2. O segundo eixo constitutivo de uma democracia de exercício refere-se às qualidades pessoais requeridas para que se possa ser “um bom governante”. São características que, longe de traduzirem uma idealização de todos os talentos e de todas as virtudes, servem para o estabelecimento de uma relação de confiança entre governantes e governados, fundando assim uma democracia de confiança, definida esta (a confiança) como uma das “instituições invisíveis” cuja vitalidade possui uma importância decisiva na era da personalização das democracias. Rosanvallon examina duas dessas qualidades pessoais dos governantes: a “integridade” e o “falar veraz”.
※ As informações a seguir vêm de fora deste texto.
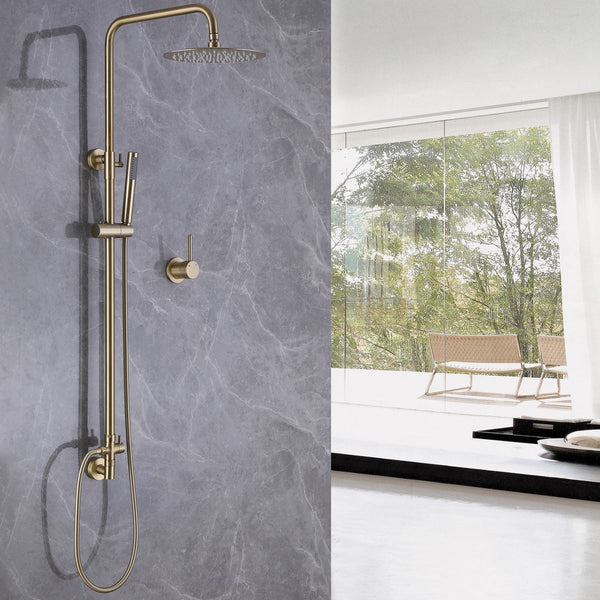 Exposed 10" Shower System Bathroom Shower Combo Set Brushed Gold – Rbrohant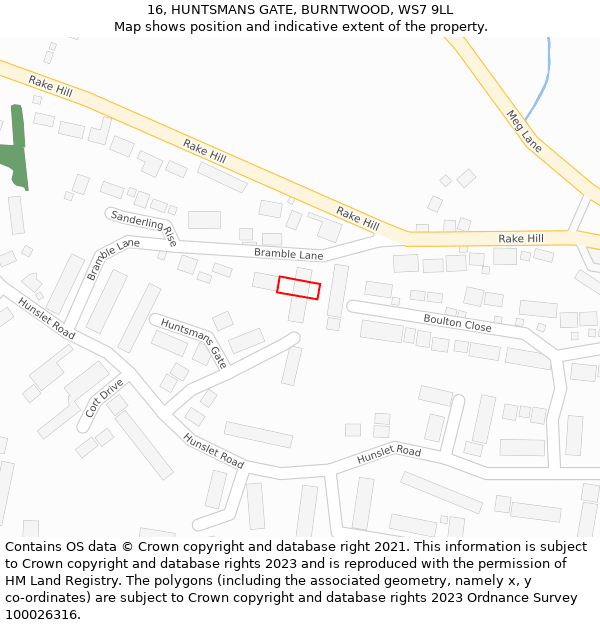 16, HUNTSMANS GATE, BURNTWOOD, WS7 9LL: Location map and indicative extent of plot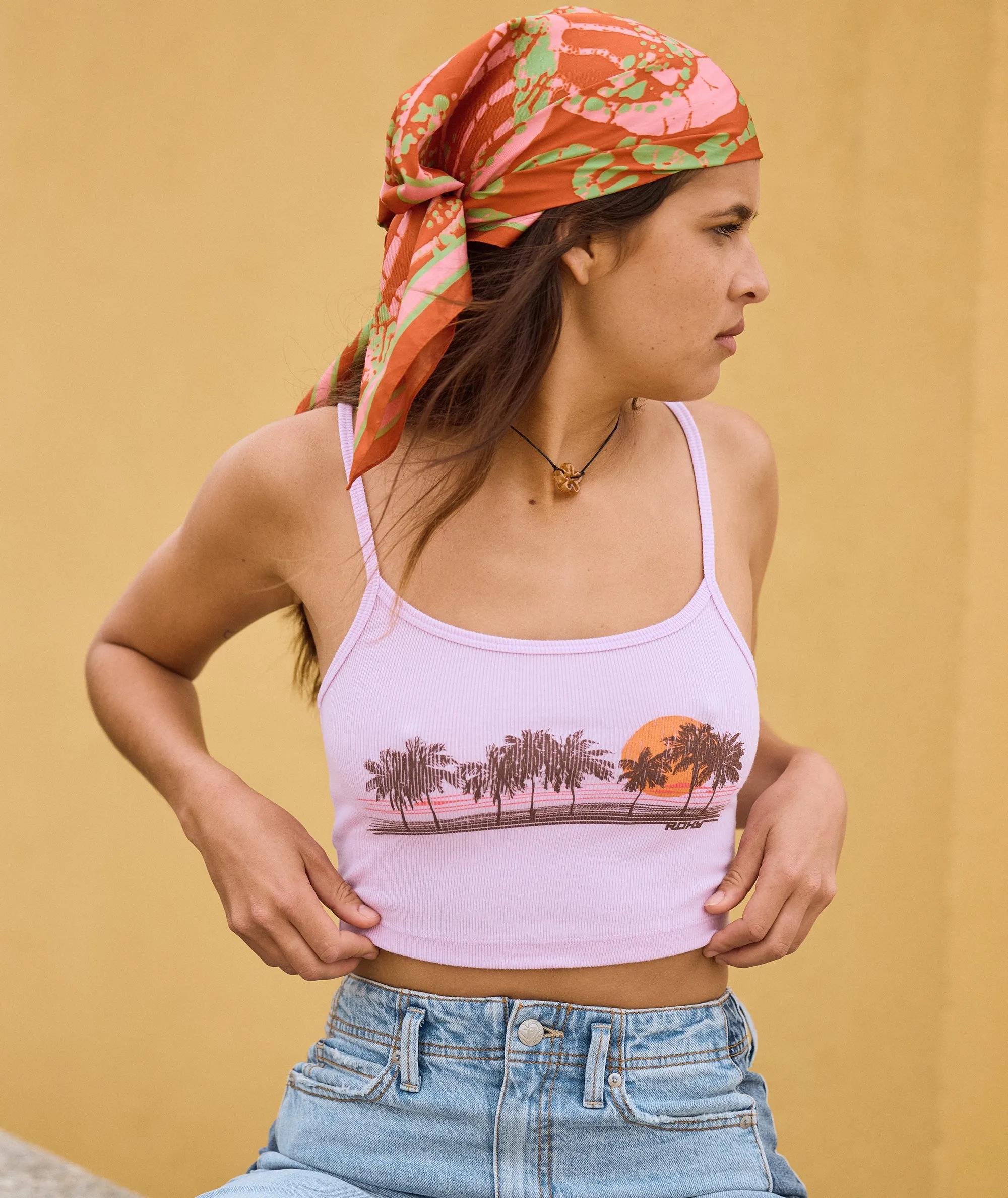 Palm Stripe Tank sold by Roxy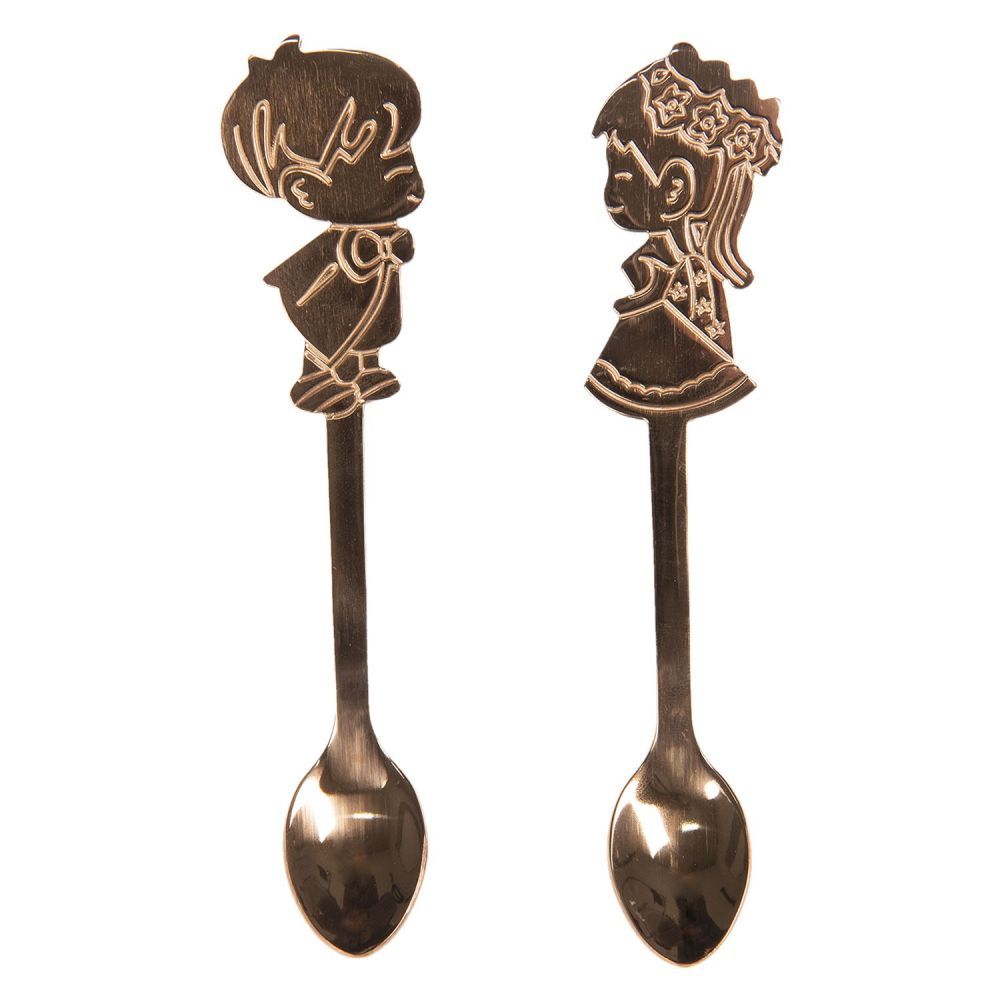 2 ks bronzová dezertní lžička panáček a panenka - 2*12 cm Clayre & Eef - LaHome - vintage dekorace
Vale referir, a essa altura, uma outra interessante aposta do autor. Para ele esses princípios de bom governo – capazes de gerar uma democracia de apropriação e uma democracia de confiança – não devem ser aplicados somente ao Poder Executivo em suas diferentes instâncias. Rosanvallon é textual ao referir que “também estão destinados a reger o conjunto das instituições não eletivas que possuem função de regulação (as autoridades independentes), as diversas categorias de magistraturas e todo o universo da função pública”. Cuida-se, com efeito, “de pessoas e instituições que de uma maneira ou outra exercem poderes de mando sobre os outros e, de tal modo, participam de órgãos governamentais”.
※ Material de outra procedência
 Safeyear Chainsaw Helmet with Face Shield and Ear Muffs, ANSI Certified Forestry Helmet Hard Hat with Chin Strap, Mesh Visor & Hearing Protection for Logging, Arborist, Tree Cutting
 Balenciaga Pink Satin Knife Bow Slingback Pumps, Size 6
Como podemos notar, a preocupação de Rosanvallon é acerca da prática democrática em si, situando-se muito além da representação e do ato eleitoral, questionando não tanto as instituições, mas os comportamentos políticos (a legitimidade democrática como o comportamento democrático de uma instituição). Valeria indagar por fim: quais as implicações desse ponto de vista para o instituto do impeachment brasileiro?
Da leitura desta obra, que, dentro dos seus limites, indica muitas das experiências e vicissitudes experimentadas por nós, emergem, para além de eventuais contradições quanto à “leitura” sugerida, duas interrogações que mereceriam, quem sabe, uma atenção maior.
De uma lado, embora Rosanvallon aponte para a incidência deste modelo de “bom governo” para além da função de governo em sentido estrito, ele não enfrente algo sensível para nós, qual seja, a emergência de uma, se não completa, quase “juristocracia”em nada submetida aos princípios e qualidades da democracia pelo mesmo sugerida, atuando, ainda, sob o que poderíamos nomear como “espaço monárquico”. Num espaço/tempo onde o Sistema de Justiça, ladeado pelo “Sistema de Controle”, dominam a cena política, seria de perguntar quais as condições e possibilidades para que haja uma qualificação democrática a partir, igualmente, da relação “jurisdicionantes”/jurisdicionados(?)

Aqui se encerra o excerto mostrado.